## Directions
Write out the data again exactly, skipping every picture.

━━ Data segment

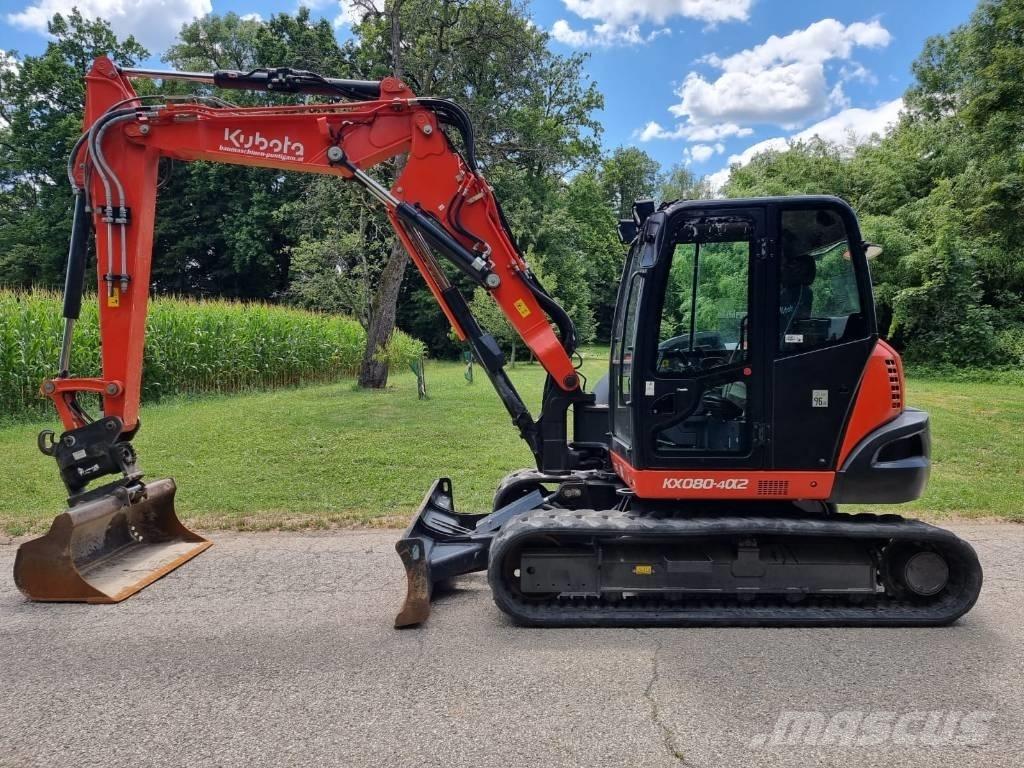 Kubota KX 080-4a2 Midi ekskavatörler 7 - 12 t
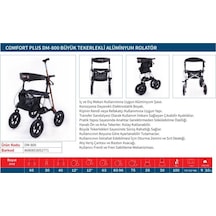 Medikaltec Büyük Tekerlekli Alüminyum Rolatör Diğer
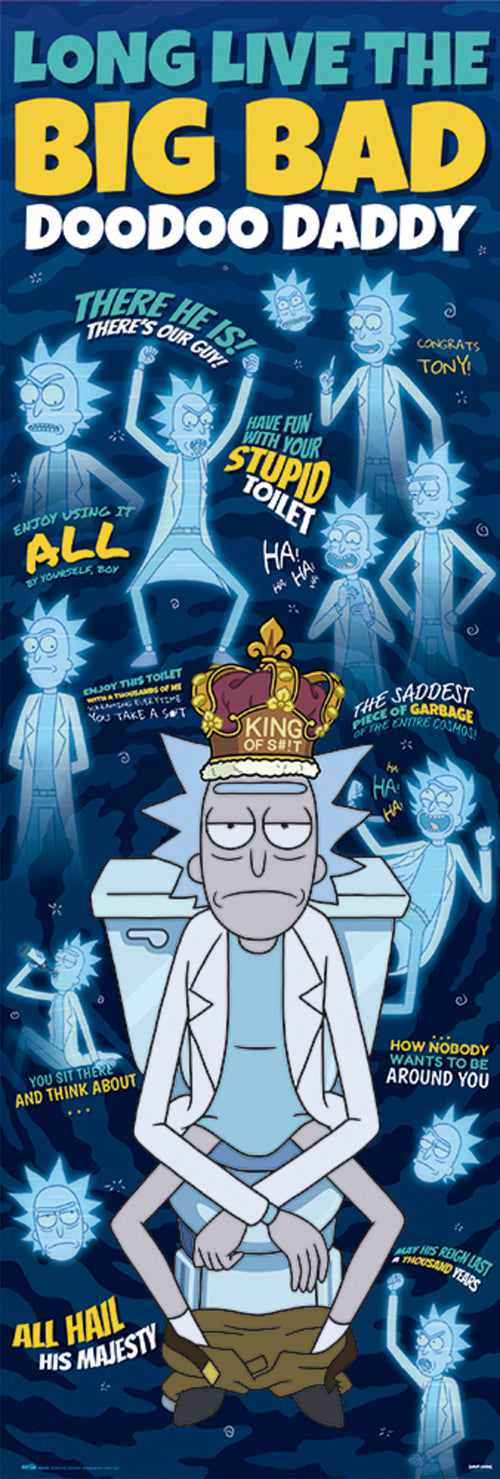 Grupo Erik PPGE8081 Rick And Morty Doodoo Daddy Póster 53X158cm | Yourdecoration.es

━━━━

## Answer below
 Kubota KX 080-4a2 Midi ekskavatörler 7 - 12 t
 Medikaltec Büyük Tekerlekli Alüminyum Rolatör Diğer
 Grupo Erik PPGE8081 Rick And Morty Doodoo Daddy Póster 53X158cm | Yourdecoration.es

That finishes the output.